What is needed
Look through the records below for the line holding "Fibromyalgia is not". Write it out exactly, with each following line through the line holding "Item preview, Green".

#### Source material

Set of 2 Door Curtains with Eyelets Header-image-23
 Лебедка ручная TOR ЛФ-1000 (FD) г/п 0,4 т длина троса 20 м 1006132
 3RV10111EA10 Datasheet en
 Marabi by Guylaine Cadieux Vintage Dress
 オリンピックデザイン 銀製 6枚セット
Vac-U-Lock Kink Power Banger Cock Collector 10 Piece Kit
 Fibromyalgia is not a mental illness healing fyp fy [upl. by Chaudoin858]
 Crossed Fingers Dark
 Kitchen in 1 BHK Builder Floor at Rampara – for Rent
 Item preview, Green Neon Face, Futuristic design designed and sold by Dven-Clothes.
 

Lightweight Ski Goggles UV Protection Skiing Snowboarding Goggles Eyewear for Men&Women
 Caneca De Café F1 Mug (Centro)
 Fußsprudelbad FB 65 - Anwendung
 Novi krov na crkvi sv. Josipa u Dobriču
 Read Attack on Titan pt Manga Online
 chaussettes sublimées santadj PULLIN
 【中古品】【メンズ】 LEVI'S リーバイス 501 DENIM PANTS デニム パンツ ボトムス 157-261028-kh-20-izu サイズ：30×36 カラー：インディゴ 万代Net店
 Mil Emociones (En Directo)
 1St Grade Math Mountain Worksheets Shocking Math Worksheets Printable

########

Finished exercise
 Fibromyalgia is not a mental illness healing fyp fy [upl. by Chaudoin858]
 Crossed Fingers Dark
 Kitchen in 1 BHK Builder Floor at Rampara – for Rent
 Item preview, Green Neon Face, Futuristic design designed and sold by Dven-Clothes.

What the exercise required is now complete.